PyTorch
Acrobot-ing with Actor Critic

Acrobot-ing with Actor Critic

The Acrobot environment is based on Sutton’s work in Generalization in Reinforcement Learning: Successful Examples Using Sparse Coarse Coding. The system consists of two links connected linearly to form a chain, with one end of the chain fixed. The joint between the two links is actuated. The goal is to apply torques on the actuated joint to swing the free end of the linear chain above a given height while starting from the initial state of hanging downwards.

For detail read: Acrobot.

Acrobot with Random Policy

import gym
import random
import time

#Episode ends when free end reaches target height
env = gym.envs.make("Acrobot-v1")
env.seed(786)
env.reset()
time.sleep(5)
state = env.reset()
is_done = False
total_reward_episode = 0

#the agent selecting action randomly
while not is_done:
    env.render()
    time.sleep(0.05)
    action = random.choice([0, 1, 2])
    next_state, reward, is_done, _ = env.step(action)
    state = next_state
    total_reward_episode += reward

print(total_reward_episode)

The Actor Critic Algorithm

The network for the actor-critic algorithm consists of the following two parts:

Actor: This takes in the input state and outputs the action probabilities.
Essentially, it learns the optimal policy by updating the model using information
provided by the critic.
Critic: This evaluates how good it is to be at the input state by computing the
value function. The value guides the actor on how it should adjust.

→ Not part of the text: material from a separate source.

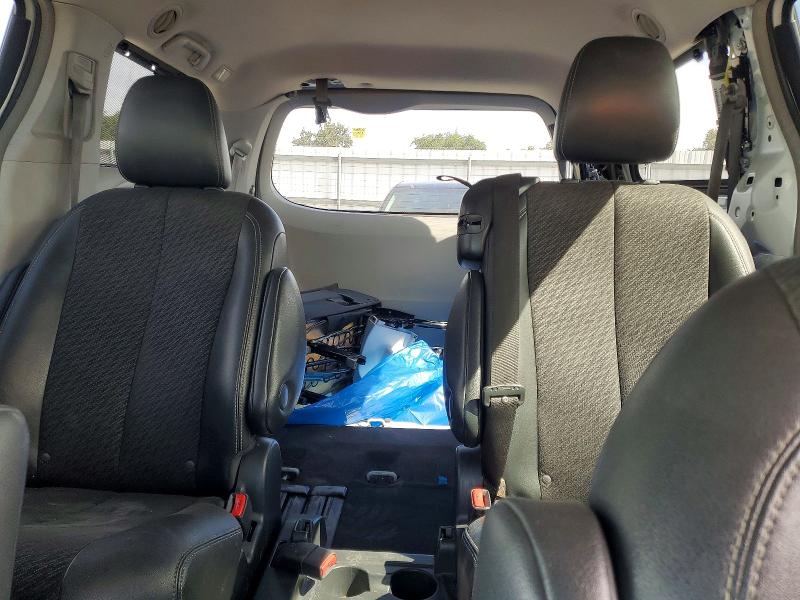 Продаж на аукціоні авто 2014 Toyota Sienna, vin: 5TDXK3DC9ES500239, номер лоту: 61727916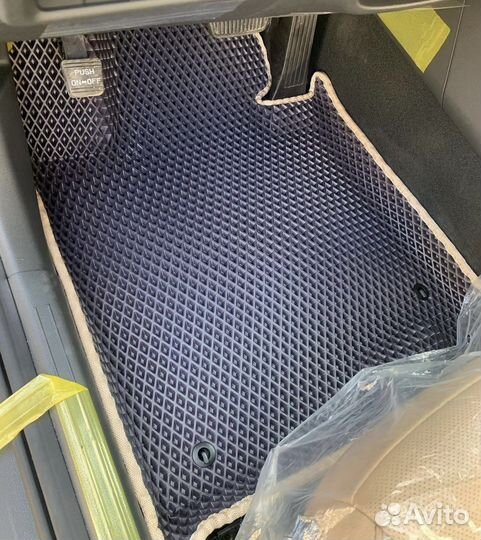 Коврики (ковры) EVA ева эва 3d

These two components share parameters of input and hidden layers in the network, as
learning is more efficient in this way than learning them separately. Accordingly, the loss
function is a summation of two parts, specifically, the negative log likelihood of action
measuring the actor, and the mean squared error between the estimated and computed
return measuring the critic.

Import all the necessary packages and create a Acrobot instance

import torch
import gym
import torch.nn as nn
import torch.nn.functional as F
import numpy as np
import random
env = gym.make('Acrobot-v1')

Actor Critic Neural Network Model

class ActorCriticModel(nn.Module):
    def __init__(self, n_input, n_output, n_hidden):
        super(ActorCriticModel, self).__init__()
        self.fc = nn.Linear(n_input, n_hidden)
        self.action = nn.Linear(n_hidden, n_output)
        self.value = nn.Linear(n_hidden, 1)

    def forward(self, x):
        x = torch.Tensor(x)
        x = F.relu(self.fc(x))
     

        action_probs = F.softmax(self.action(x), dim=-1)
        state_values = self.value(x)
        return action_probs, state_values

In above class, the actor and critic share parameters of the input and the hidden
layers; the output of the actor consists of the probability of taking individual actions, and
the output of the critic is the estimated value of the input state.

The Policy Network

class PolicyNetwork():
    def __init__(self, n_state, n_action, n_hidden=50, lr=0.001):
        self.model = ActorCriticModel(n_state, n_action, n_hidden)
        self.optimizer = torch.optim.Adam(self.model.parameters(), lr)
        self.scheduler = torch.optim.lr_scheduler.StepLR(self.optimizer, step_size=10, gamma=0.9)

    def predict(self, s):
        """
        Compute the output using the Actor Critic model
        @param s: input state
        @return: action probabilities, state_value
        """
        return self.model(torch.Tensor(s))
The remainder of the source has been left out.